Records provided →

• • • • •

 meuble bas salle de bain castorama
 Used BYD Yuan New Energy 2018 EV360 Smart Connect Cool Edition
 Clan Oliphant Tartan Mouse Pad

• • • • •

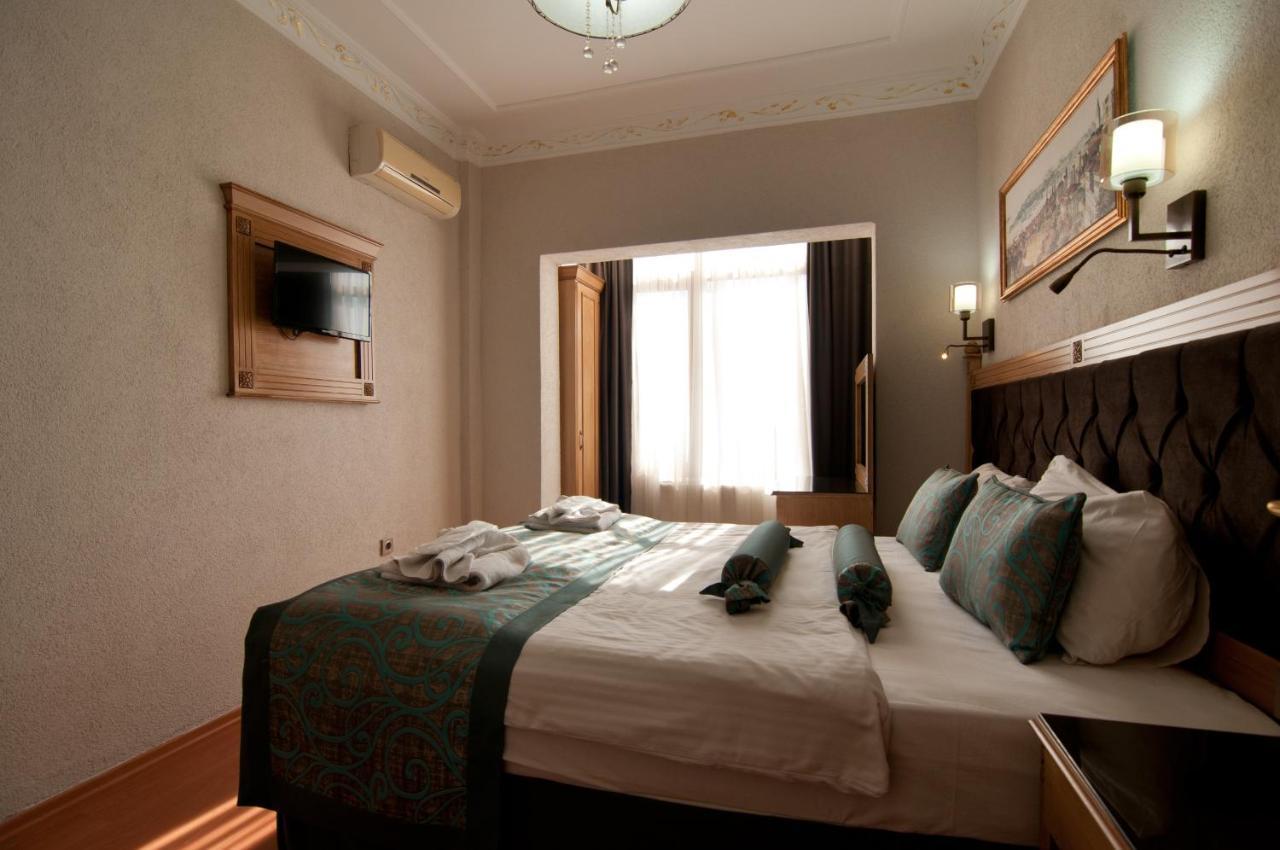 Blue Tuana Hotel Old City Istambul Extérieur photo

• • • • •

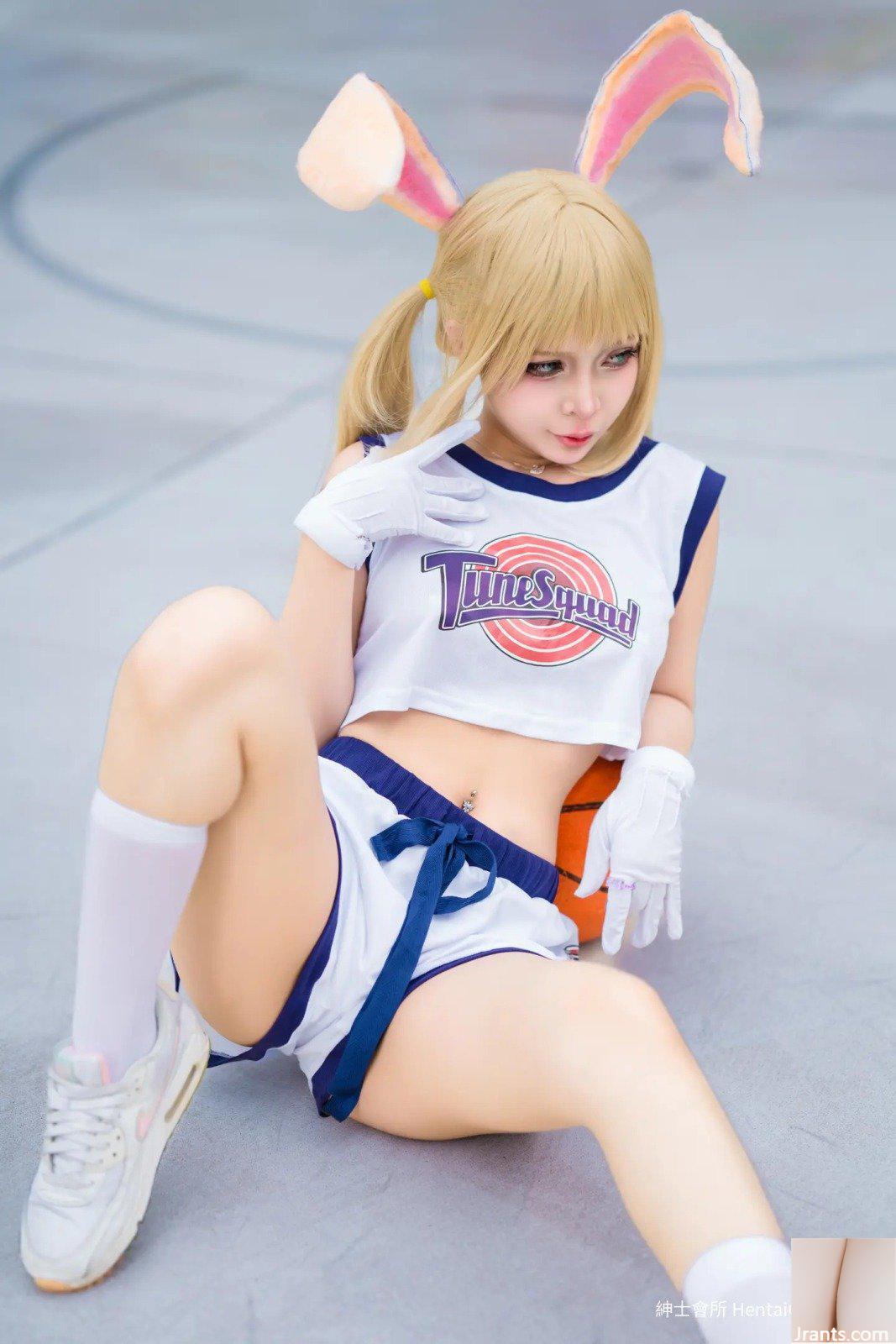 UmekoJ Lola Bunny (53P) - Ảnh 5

• • • • •

Task prompt →
Using the entries above, give back exactly the line containing "meuble bas salle de bain castorama", the line containing "Clan Oliphant Tartan Mouse Pad", and every line between them, and nothing else.

Response area →
 meuble bas salle de bain castorama
 Used BYD Yuan New Energy 2018 EV360 Smart Connect Cool Edition
 Clan Oliphant Tartan Mouse Pad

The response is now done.